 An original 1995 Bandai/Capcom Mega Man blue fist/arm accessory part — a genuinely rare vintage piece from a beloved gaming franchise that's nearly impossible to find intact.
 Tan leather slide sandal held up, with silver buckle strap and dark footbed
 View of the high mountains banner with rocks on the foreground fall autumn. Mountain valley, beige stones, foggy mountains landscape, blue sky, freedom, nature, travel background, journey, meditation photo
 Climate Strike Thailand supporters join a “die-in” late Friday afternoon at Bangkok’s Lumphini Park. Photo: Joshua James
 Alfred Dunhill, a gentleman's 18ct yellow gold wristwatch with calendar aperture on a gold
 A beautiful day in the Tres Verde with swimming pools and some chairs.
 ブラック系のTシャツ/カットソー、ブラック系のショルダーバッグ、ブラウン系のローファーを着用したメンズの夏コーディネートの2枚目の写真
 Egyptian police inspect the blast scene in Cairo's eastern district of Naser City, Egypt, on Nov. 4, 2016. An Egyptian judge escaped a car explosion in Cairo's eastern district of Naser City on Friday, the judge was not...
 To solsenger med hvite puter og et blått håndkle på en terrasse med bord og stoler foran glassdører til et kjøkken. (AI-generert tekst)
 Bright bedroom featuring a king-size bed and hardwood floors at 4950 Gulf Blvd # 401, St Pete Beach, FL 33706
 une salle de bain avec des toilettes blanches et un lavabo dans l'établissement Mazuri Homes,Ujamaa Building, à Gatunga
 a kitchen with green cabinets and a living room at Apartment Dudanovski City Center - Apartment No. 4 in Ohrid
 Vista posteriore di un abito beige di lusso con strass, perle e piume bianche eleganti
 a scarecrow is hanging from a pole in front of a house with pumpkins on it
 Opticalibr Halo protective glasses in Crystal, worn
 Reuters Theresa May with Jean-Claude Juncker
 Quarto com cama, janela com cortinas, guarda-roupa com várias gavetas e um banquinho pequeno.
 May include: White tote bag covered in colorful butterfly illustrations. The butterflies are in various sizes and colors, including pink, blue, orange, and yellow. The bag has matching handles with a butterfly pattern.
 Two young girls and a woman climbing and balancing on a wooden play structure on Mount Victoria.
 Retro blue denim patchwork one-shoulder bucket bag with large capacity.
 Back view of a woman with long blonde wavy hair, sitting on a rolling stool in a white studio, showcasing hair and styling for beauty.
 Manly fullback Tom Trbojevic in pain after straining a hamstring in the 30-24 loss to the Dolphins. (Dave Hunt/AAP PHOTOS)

** What is being asked **
Each line above that includes the word "beige" is to be copied.

** Response to this task **
 View of the high mountains banner with rocks on the foreground fall autumn. Mountain valley, beige stones, foggy mountains landscape, blue sky, freedom, nature, travel background, journey, meditation photo
 Vista posteriore di un abito beige di lusso con strass, perle e piume bianche eleganti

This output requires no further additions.